START Dataset extract
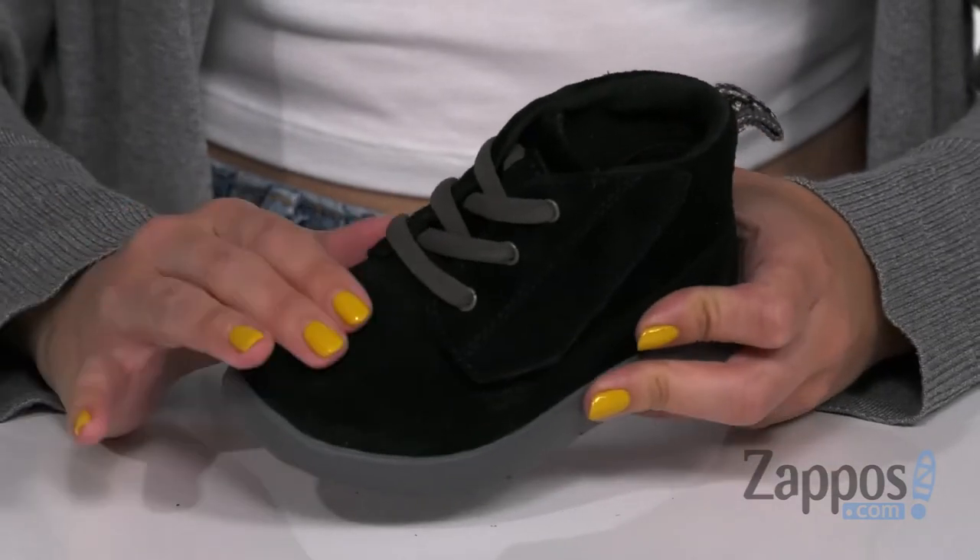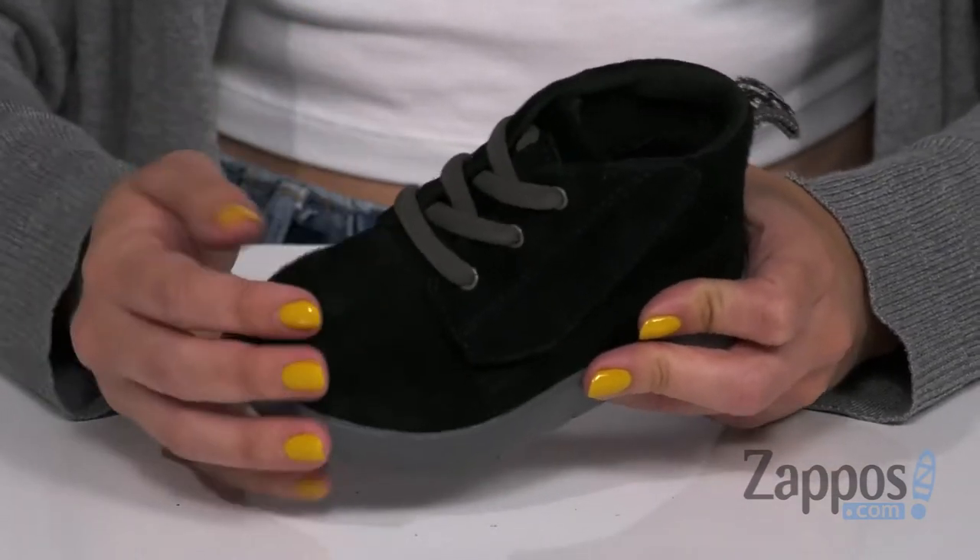Hi guys, Autumn from Zappos here and this is the Canoe Suede from UGG Kids. This darling little chukka boot is made of a water-resistant suede upper — really soft to the touch, with a rounded toe.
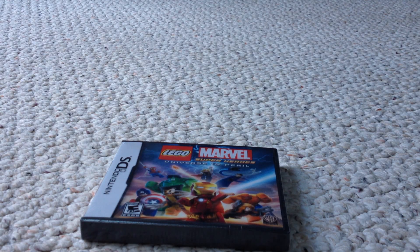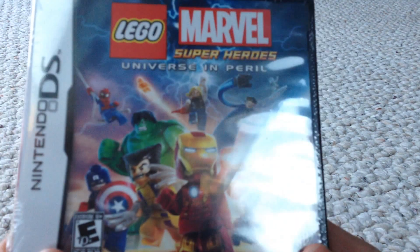What's up guys, Goldberg here, and today we're going to be unboxing the Nintendo DS Lego Marvel Super Heroes Universe in Peril video game. Here's the box right here, looks pretty awesome.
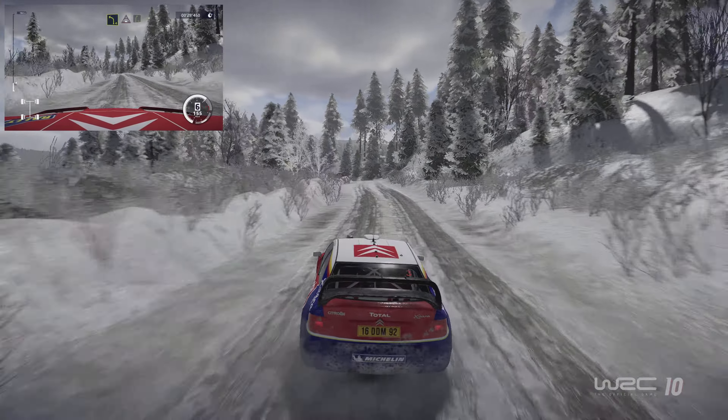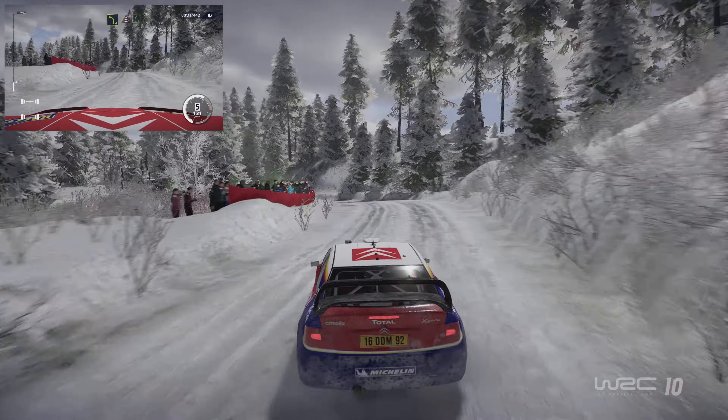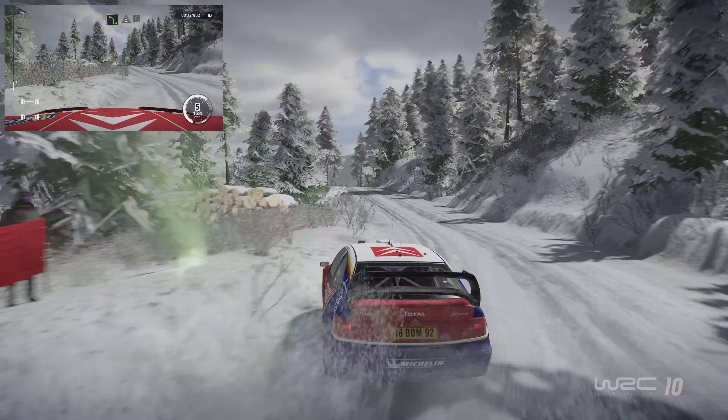Into jump, into flat left, 200, right 3, into flat left, tightens into right 6.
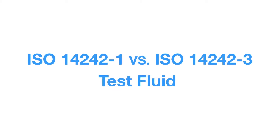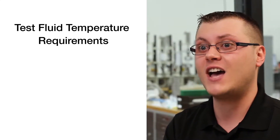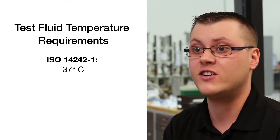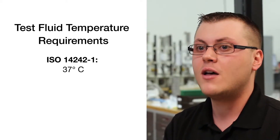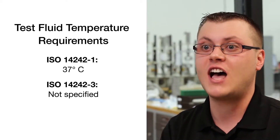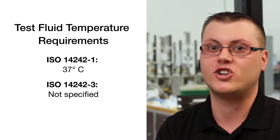Not only do the two ISO standards differ in the type of motion profiles they use, they also differ in the test fluid setup as well as the temperature that they are controlled at. ISO 14242-1 calls for the fluid to be heated to 37 degrees C, which is body temperature, while Dash-3 does not call for temperature control.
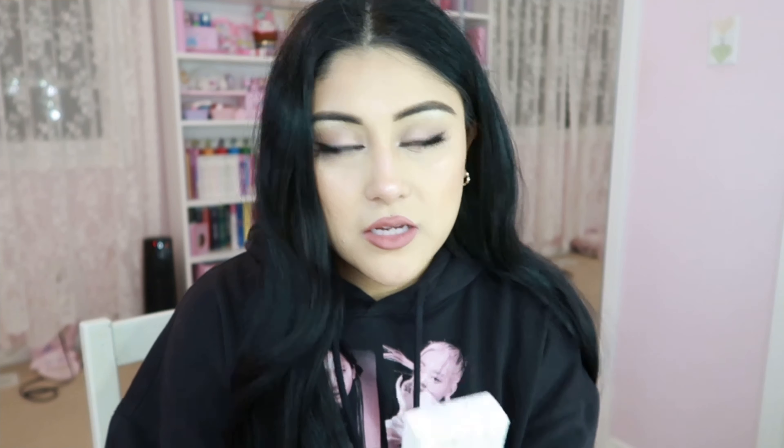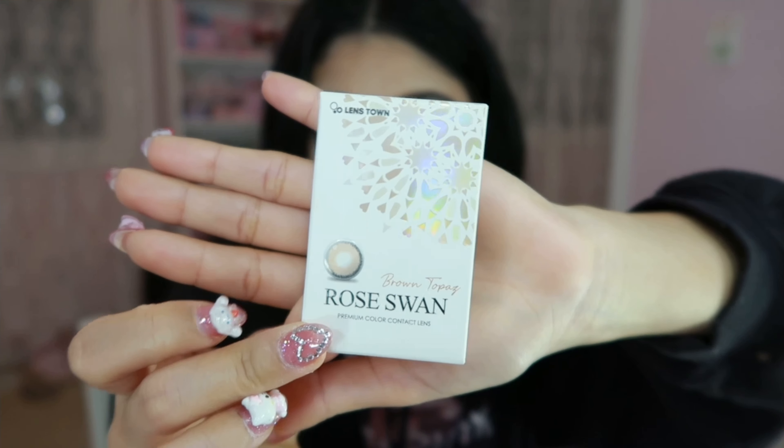They kindly sent me two pairs of lenses. This is one pair and this is the second pair. They sent me a pair in Gray Diamond — this is Gray Diamond — and then they also sent me a pair in Brown Topaz, which is the other one.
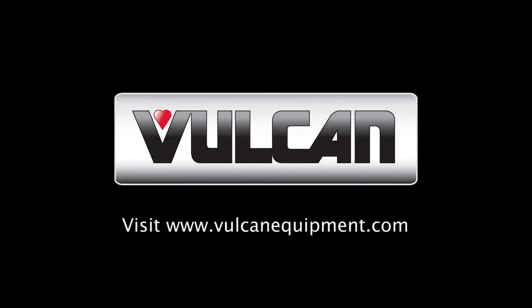For more information, refer to your fryer's operations manual on the Vulcan website. Thank you.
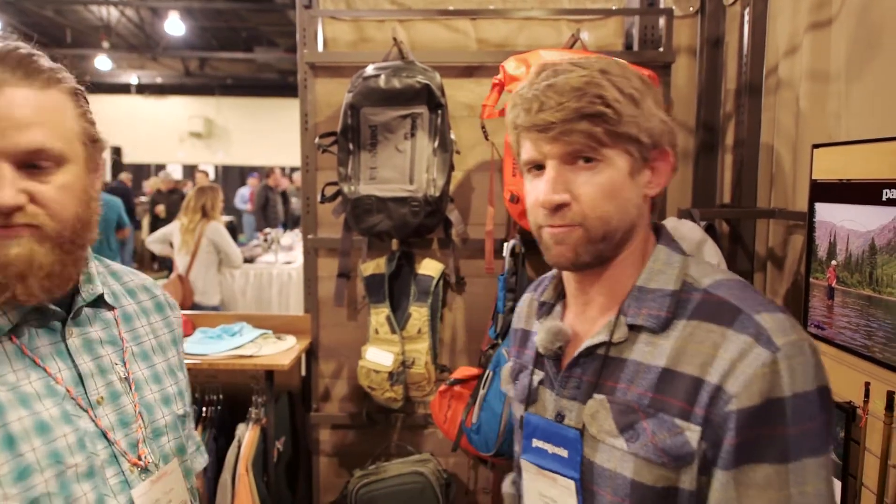Andy with Anglers All here with Dave Allen, Patagonia rep for us here in Colorado, and he's going to give us a quick rundown on some new products. Thanks for joining us here at the Denver Fly Fishing Show.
END Dataset extract
* Problem details *
The copy should match each line above exactly and contain no images.

* Response for this exercise *
Hi guys, Autumn from Zappos here and this is the Canoe Suede from UGG Kids. This darling little chukka boot is made of a water-resistant suede upper — really soft to the touch, with a rounded toe.
What's up guys, Goldberg here, and today we're going to be unboxing the Nintendo DS Lego Marvel Super Heroes Universe in Peril video game. Here's the box right here, looks pretty awesome.
Into jump, into flat left, 200, right 3, into flat left, tightens into right 6.
Not only do the two ISO standards differ in the type of motion profiles they use, they also differ in the test fluid setup as well as the temperature that they are controlled at. ISO 14242-1 calls for the fluid to be heated to 37 degrees C, which is body temperature, while Dash-3 does not call for temperature control.
They kindly sent me two pairs of lenses. This is one pair and this is the second pair. They sent me a pair in Gray Diamond — this is Gray Diamond — and then they also sent me a pair in Brown Topaz, which is the other one.
For more information, refer to your fryer's operations manual on the Vulcan website. Thank you.
Andy with Anglers All here with Dave Allen, Patagonia rep for us here in Colorado, and he's going to give us a quick rundown on some new products. Thanks for joining us here at the Denver Fly Fishing Show.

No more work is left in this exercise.